(Records from a data collection)

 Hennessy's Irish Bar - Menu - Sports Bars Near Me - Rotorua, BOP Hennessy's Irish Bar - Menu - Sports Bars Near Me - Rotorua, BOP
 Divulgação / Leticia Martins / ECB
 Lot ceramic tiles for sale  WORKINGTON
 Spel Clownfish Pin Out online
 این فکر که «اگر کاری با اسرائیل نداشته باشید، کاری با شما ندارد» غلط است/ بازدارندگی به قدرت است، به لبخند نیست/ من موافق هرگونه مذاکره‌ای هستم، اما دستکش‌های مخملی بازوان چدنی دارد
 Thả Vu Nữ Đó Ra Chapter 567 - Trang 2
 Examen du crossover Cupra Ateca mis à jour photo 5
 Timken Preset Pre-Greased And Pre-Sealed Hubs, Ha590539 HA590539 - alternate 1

--

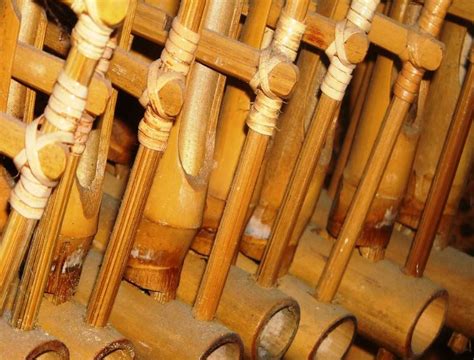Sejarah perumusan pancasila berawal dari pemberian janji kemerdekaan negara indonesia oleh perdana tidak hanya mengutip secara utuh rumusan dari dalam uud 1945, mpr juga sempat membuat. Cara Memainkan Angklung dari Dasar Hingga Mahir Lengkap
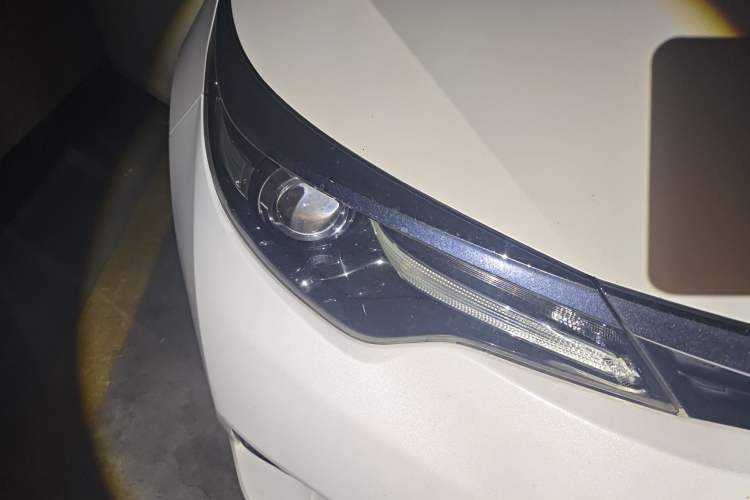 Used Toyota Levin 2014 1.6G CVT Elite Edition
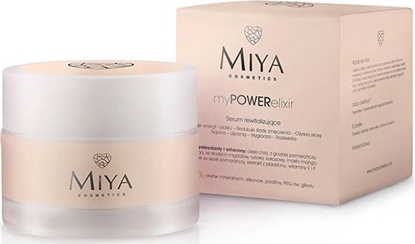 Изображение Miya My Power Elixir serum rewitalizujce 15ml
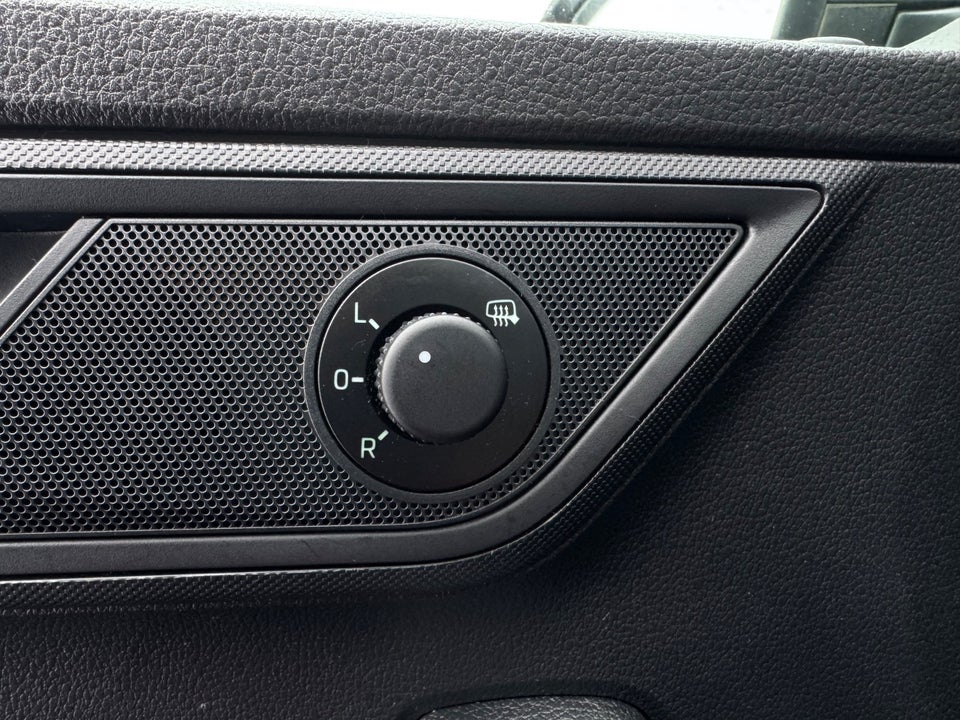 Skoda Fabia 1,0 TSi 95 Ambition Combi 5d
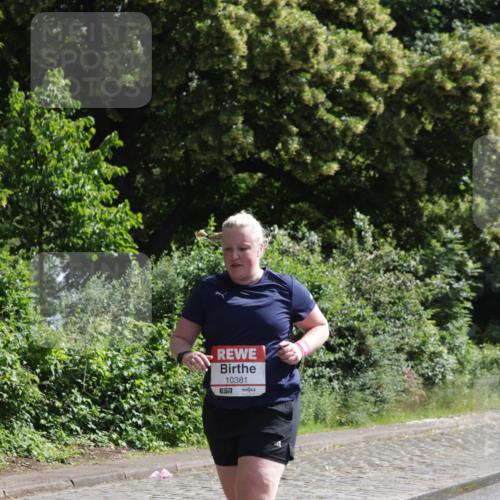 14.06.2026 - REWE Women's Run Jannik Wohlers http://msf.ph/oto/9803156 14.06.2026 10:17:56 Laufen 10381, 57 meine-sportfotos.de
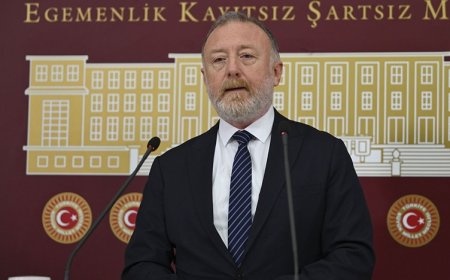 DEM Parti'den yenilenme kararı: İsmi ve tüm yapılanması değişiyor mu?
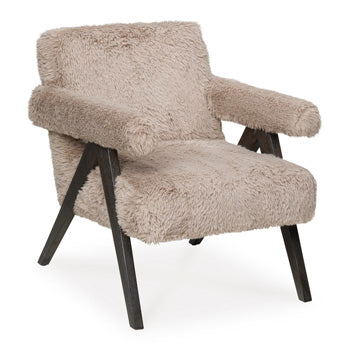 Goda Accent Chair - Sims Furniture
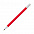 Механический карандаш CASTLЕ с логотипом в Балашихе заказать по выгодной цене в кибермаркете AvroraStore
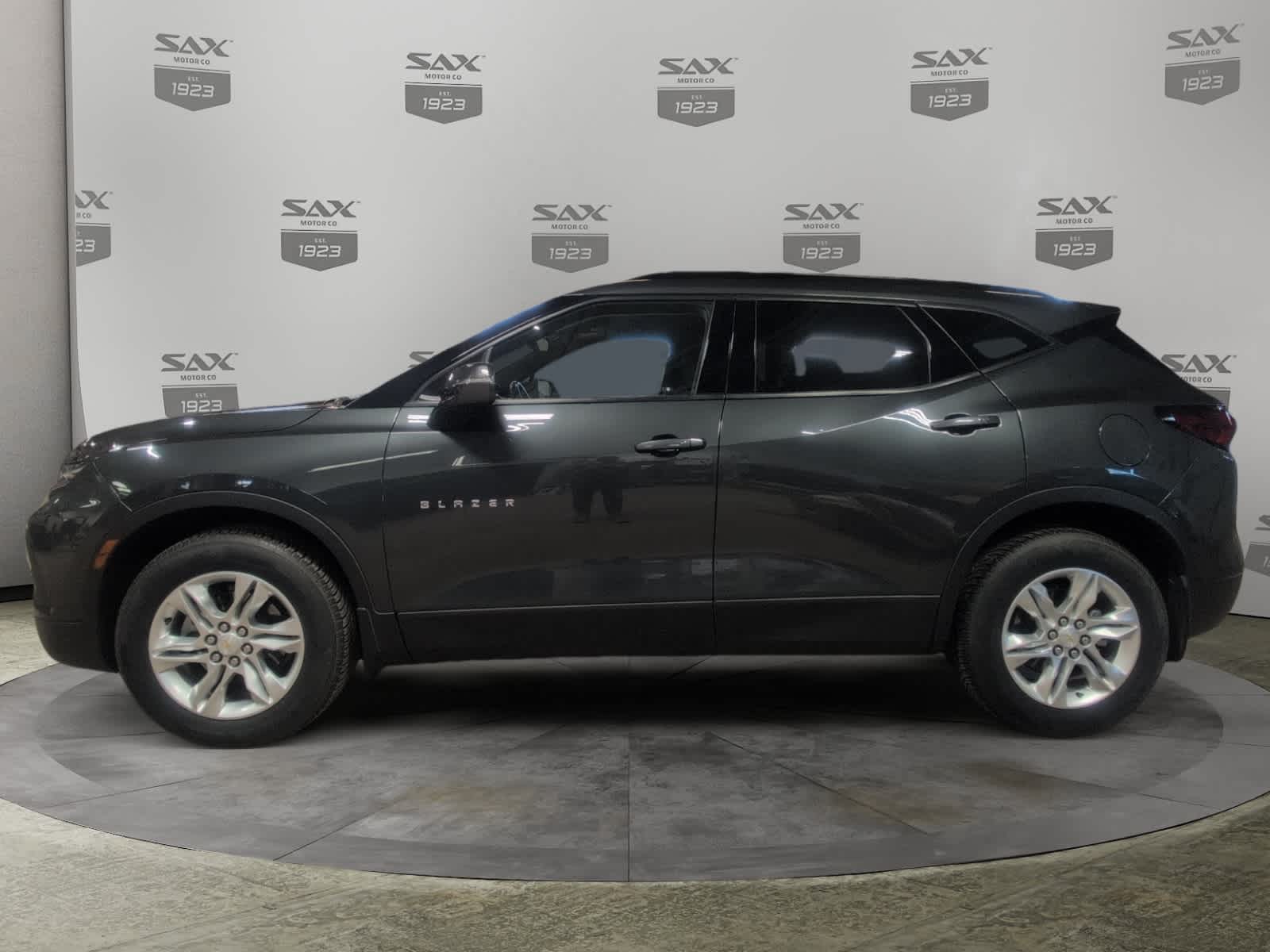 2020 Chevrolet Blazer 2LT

» **ASSIGNED TASK**
Starting with the line that holds "بازوان چدنی دارد" and ending with the line that holds "Timken Preset Pre-Greased", retype every line in the data above exactly, and nothing else.

» **SOLUTION TO THE PROBLEM**
 این فکر که «اگر کاری با اسرائیل نداشته باشید، کاری با شما ندارد» غلط است/ بازدارندگی به قدرت است، به لبخند نیست/ من موافق هرگونه مذاکره‌ای هستم، اما دستکش‌های مخملی بازوان چدنی دارد
 Thả Vu Nữ Đó Ra Chapter 567 - Trang 2
 Examen du crossover Cupra Ateca mis à jour photo 5
 Timken Preset Pre-Greased And Pre-Sealed Hubs, Ha590539 HA590539 - alternate 1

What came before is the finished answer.